According to the Los Angeles Times article The Hope Of Music’s Healing Powers by Melissa Healy, Neuroscientists are looking to uncover the scientific basis for music’s healing powers. They are trying to understand how music can help rewire a brain affected by illness or injury, or provide a work-around for injured or underperforming brain regions. By doing so, they hope to better identify which patients might respond best to music and what musical techniques might best help them to regain lost or compromised function.
“Music might provide an alternative entry point to the brain, because it can unlock so many different doors into an injured or ill brain”, said Dr. Gottfried Schlaug, a Harvard University neurologist. Pitch, harmony, melody, rhythm and emotion — all components of music — engage different regions of the brain. And many of those same regions are also important in speech, movement and social interaction. If a disease or trauma has disabled a brain region needed for such functions, music can sometimes get in through a back door and coax them out by another route, Schlaug says.

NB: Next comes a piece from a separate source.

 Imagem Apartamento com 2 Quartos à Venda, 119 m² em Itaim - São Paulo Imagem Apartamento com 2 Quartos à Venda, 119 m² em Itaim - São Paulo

Therapeutic Applications Of Music
- “Melodic intonation therapy” bypasses the stroke damage done to speech centers patients’ left brain hemisphere by recruiting areas of their healthy right hemispheres that were capable of — though not generally used for — word acquisition and speech
- By engaging the network of regions that perceive and anticipate rhythm, music with a steady, predictable beat can be used to cue the brain’s motor regions to initiate walking in patients struggling with Parkinson’s disease, a degenerative brain condition that affects the initiation and smooth completion of movement.
- Case studies have long observed that when stutterers sing, their halting speech patterns disappear. Music’s predictable beats may help them initiate speech and continue fluently.
- Intensive music instruction has been found to improve focused hearing skills, and with them, some skills related to reading.
- Music can temporarily unlock memories for Alzheimer’s patients who have lost their grip on nearly every other detail of their daily life and relationships.
- The Mozart Effect increases weight gain of premature infants by slowing their rate of energy expenditure, helping to accelerate their growth.